Sementara itu, KPU sebagai terlapor menyampaikan alat bukti berupa satu dokumen surat. Abhan melanjutkan, dalam kasus dugaan pelangggaran administrasi ini, tim kuasa hukum OSO juga akan mengajukan tiga orang saksi fakta dan dua orang saksi ahli. KPU selaku akan menghadirkan dua saksi ahli. Menurut Abhan, Bawaslu kembali menggelar sidang lanjutan dugaan pelanggaran administrasi pada pukul 10.00 WIB, Kamis pagi.
"Jadi disepakati sidang besok dengan agenda penyampaian bukti-bukti tambahan dari pelapor dan terlapor. Selanjutnya dipersilahkan kepada pelapor untuk sekaligus menghadirkan tiga saksi fakta," jelasnya.

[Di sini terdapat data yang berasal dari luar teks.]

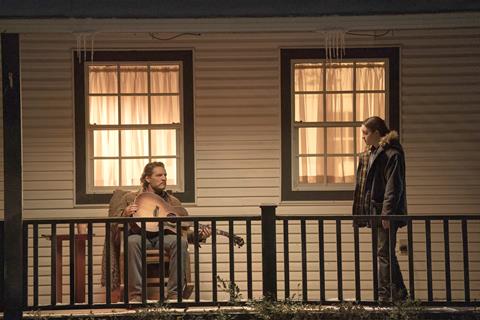 pedro-pascal-bella-ramsey_1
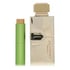 Al Haramain L'aventure Gold Perfume by Al Haramain Perfume 0.27 Oz Travel Spray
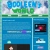 booleen.neocities.org avatar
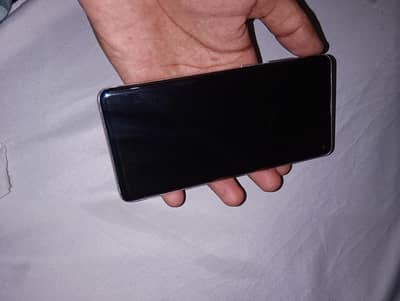 Samsung Galaxy S10 Plus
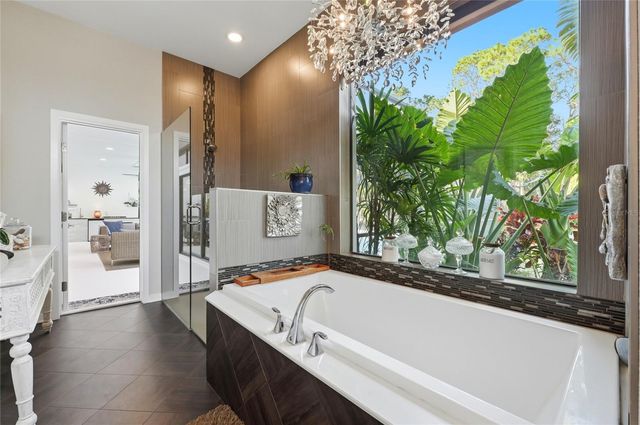 3800 GERBER DAIRY ROAD, Winter Haven, FL 33880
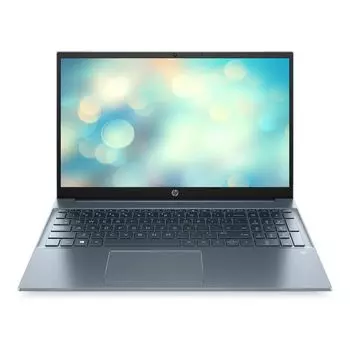 Ноутбук HP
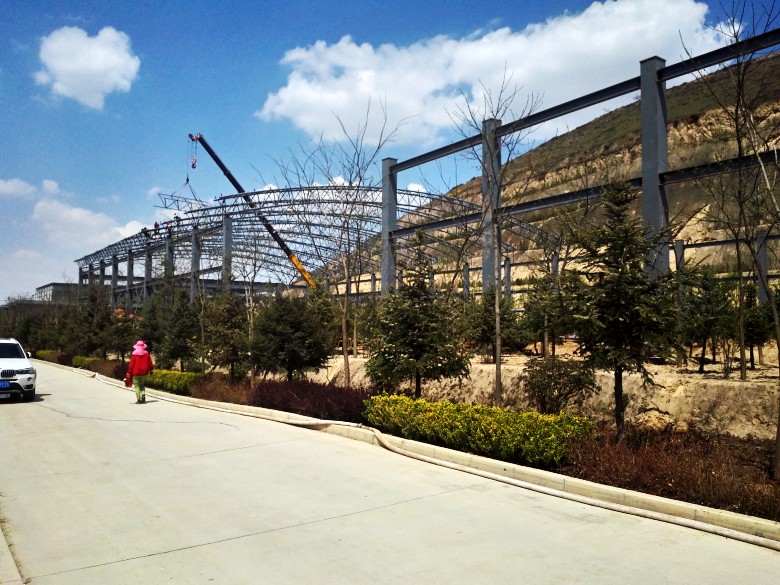 点击图片,在新窗口显示原始尺寸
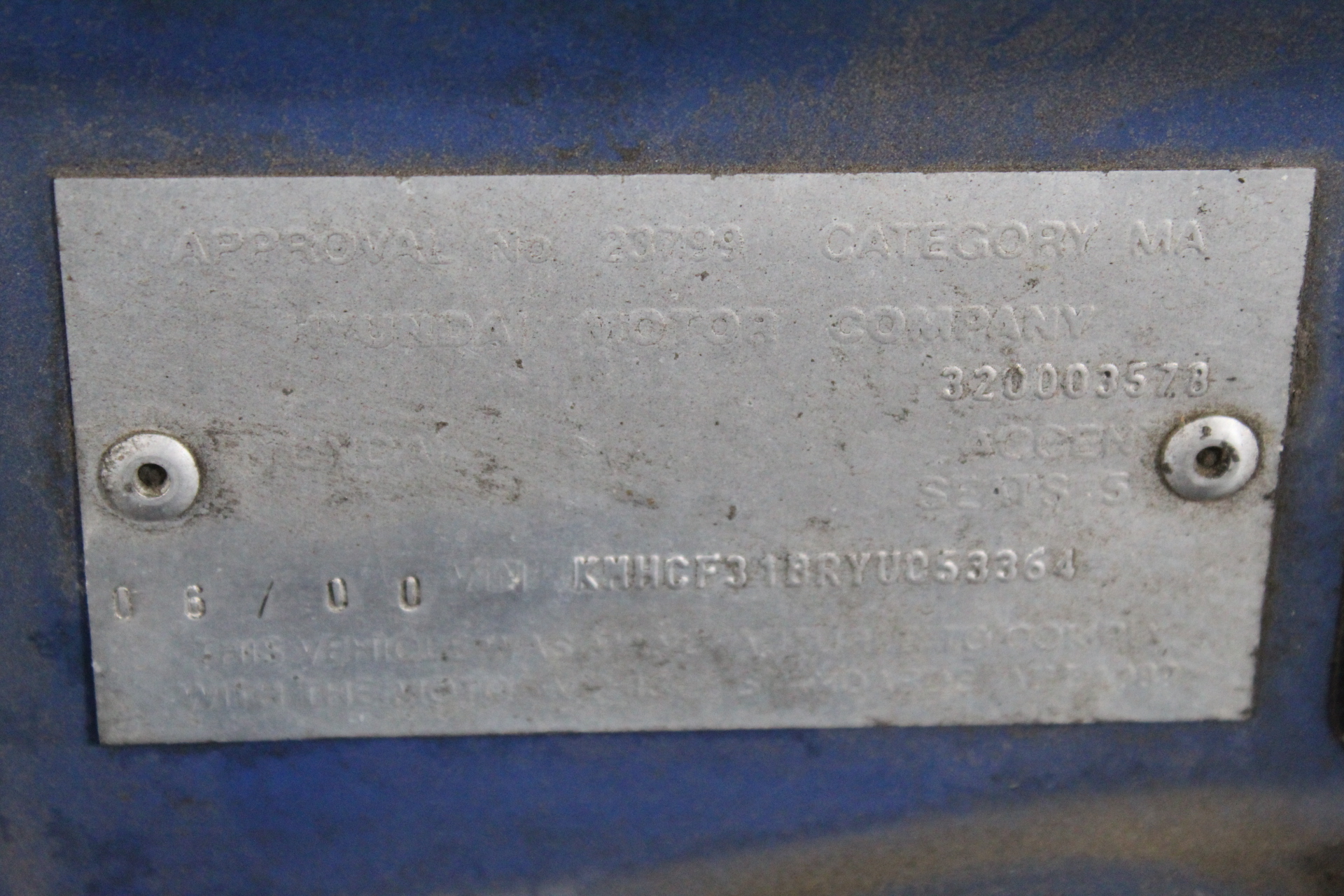 CORSAIR Vengeance LPX 16GB (2x8GB) DDR4 3000MHz C15 Desktop Gaming Memory,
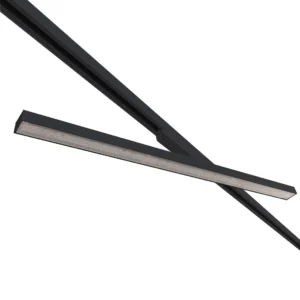 Irmin_TR_HE_black_rotated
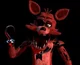 Foxy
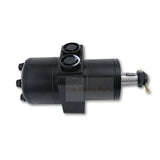 Radmotor HGM-15P-7131 32410007 5101583 für Hydro Gear Wright Stander X Rasenmäher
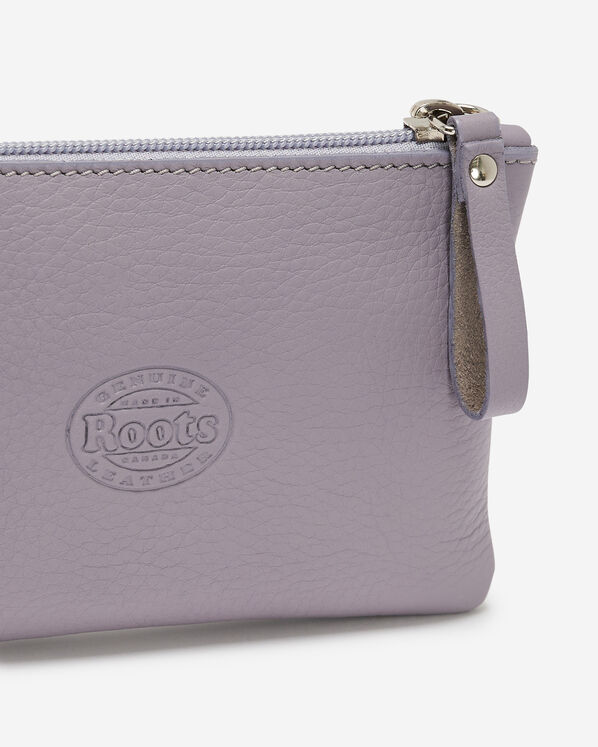Medium Zip Pouch Cloud Medium Zip Pouch Cloud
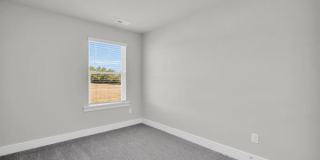 109 N Grassland Road Gallery 11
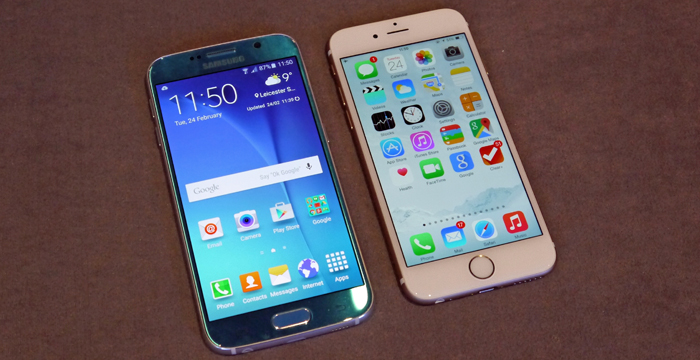 Samsung Galaxy S6 review (32)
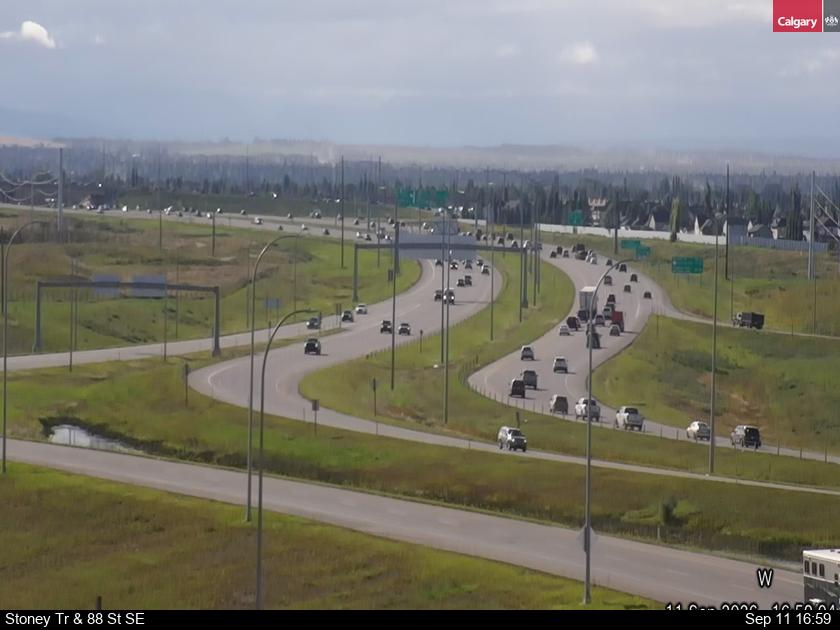 glenmore-trail-14-street-sw-east-1789153240.jpg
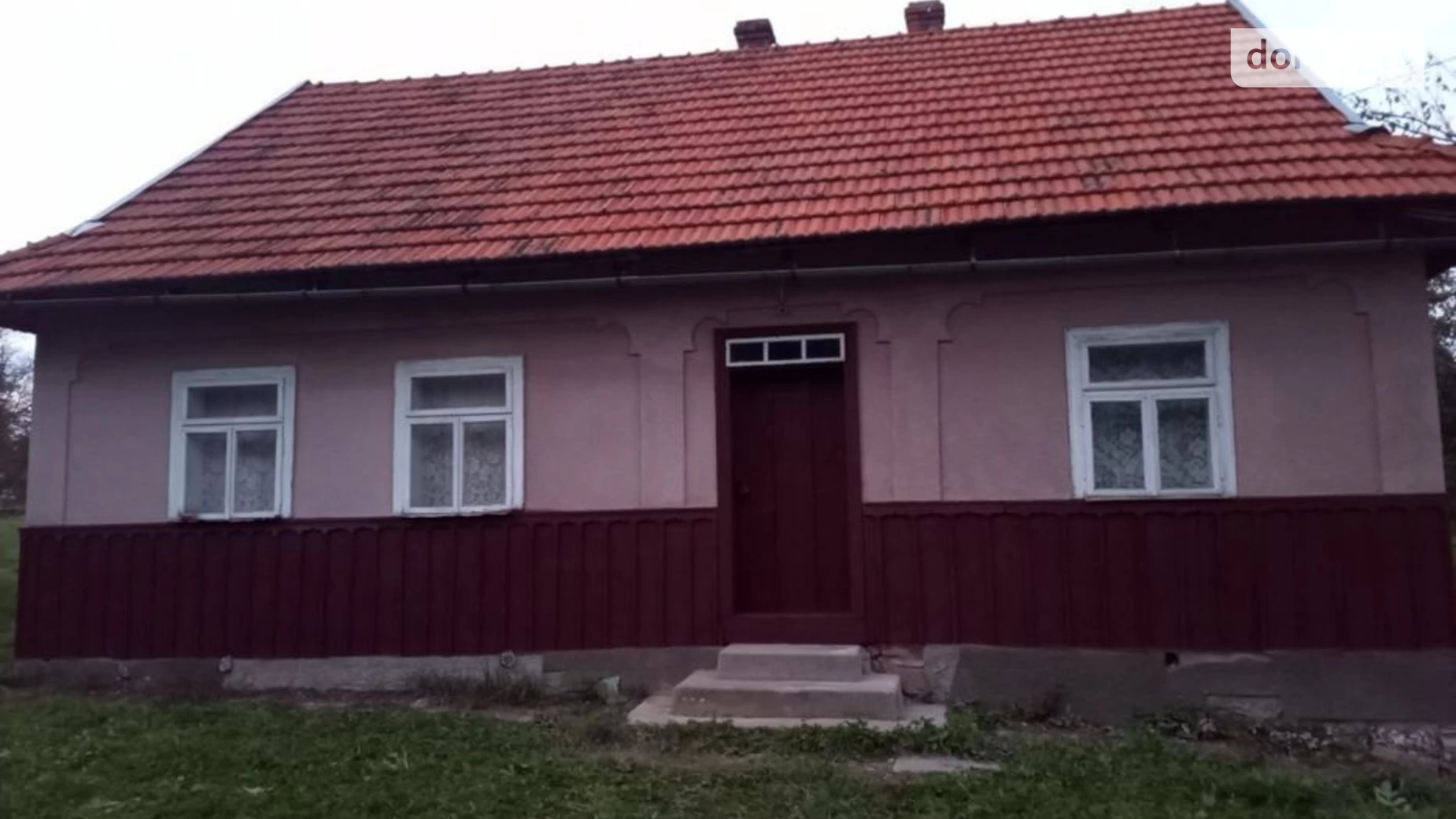 Продается одноэтажный дом 90 кв. м с баней/сауной, цена: 35000 $ - фото 3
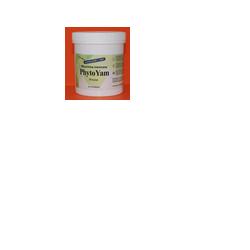 PHYTOYAM 60 CAPSULE - Luckyfarma.it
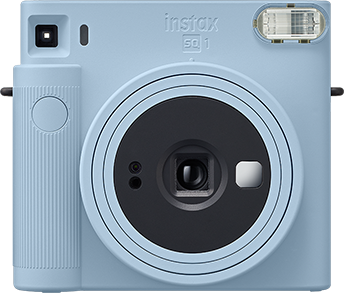 aparat-fujifilm-instax-square-sq1-glacier-blue_2.png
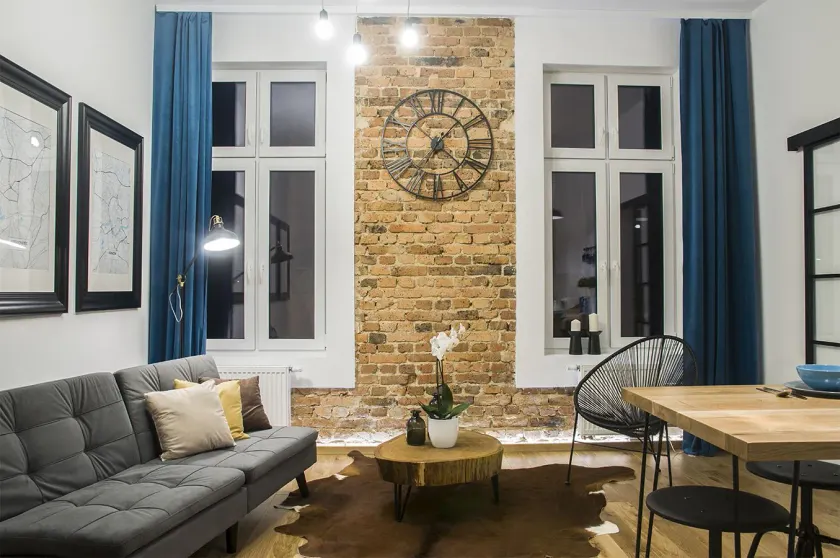 HStyle Apartament Mikolowska 9 - Image 1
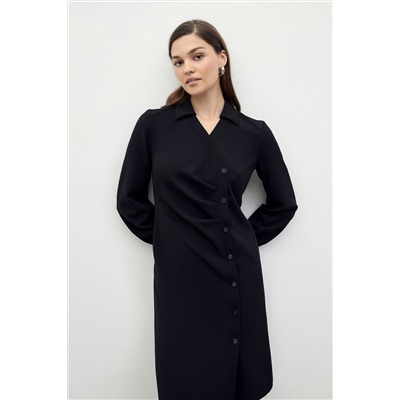 Платье POMPA, 1088329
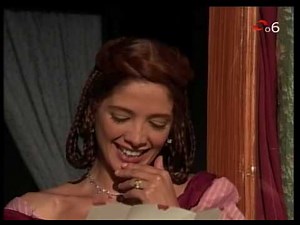 Amor real cap 95 (parte4)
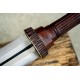 Handforged Gladius Sword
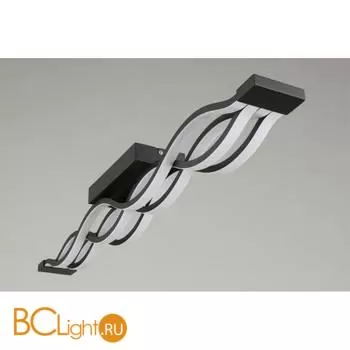 Потолочный светильник Aployt Nadayn APL.002.17.72 - Фото 2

Sebelumnya, komisioner KPU, Hasyim Asy'ari, mengatakan pihaknya menolak gugatan OSO terkait dugaan pelangggaran administrasi dalam pencalonan anggota DPD. KPU juga meminta Bawaslu untuk menolak dalil permohonan gugatan OSO tersebut.
Hasyim menjelaskan, KPU telah mengeluarkan surat nomor 1492 tahun 2018 perihal permintaan pengunduran diri kepada OSO sebagai pengurus parpol. Surat tersebut tertanggal 8 Desember 2018. Menurut Hasyim, surat tersebut diterima oleh pihak OSO pada 10 Desember 2018. Kemudian, laporan dugaan pelangggaran administrasi baru diterima Bawaslu pada 20 Desember 2018. Karena itu, lanjut Hasyim, dalil yang menyebut pelapor menerima surat pada 20 Desember 2018 tidak benar.
"Maka secara prosedur laporan pelapor sebetulnya telah melewati waktu. Terlapor (KPU), menolak dengan tegas terhadap dalil perlapor," ungkap Hasyim saat memberikan keterangan dalam sidang di Bawaslu, Thamrin, Jakarta Pusat, Rabu
Kemudian, berdasarkan surat nomor 1492 itu, OSO diminta untuk menyerahkan surat pernyataan pengunduran diri paling lambat pada 21 Desember. Konsekuensi jika OSO tidak menjalankan permintaan tersebut adalah namanya tidak akan dimasukkan ke dalam daftar calon tetap (DCT) Pemilu 2019.
"Maka, tidak benar jika kami menolak melaksanakan perintah putusan PTUN. Justru atas terbitnya surat itu, menunjukan bahwa KPU menghormati keputusan PTUN," tegas Hasyim.
Sebab, KPU telah berupaya menampung semua masukan dari berbagai pihak. Selain menghormati putusan PTUN, kata Hasyim, KPU juga wajib menjalankan amanat UUD 1945 sebagaimana tercermin dalam putusan Mahkamah Konstitusi (MK) nomor 30 terkait pencalonan anggota DPD. Hasyim menekankan jika KPU sebagai penyelenggara tidak boleh bertentangan dengan undang-undang.
"Terlapor (KPU) meminta kepada majelis untuk menolak atau setidak tidaknya menyatakan tidak bisa menerima (dalil gugatan OSO). Dan menyatakan bahwa terlapor tidak terbukti secara sah dan meyakinkan melakukan pelanggaran adminsitrasi pemilu dan telah menjalankn aturan sesuai dengan perundang-undangan," tambahnya.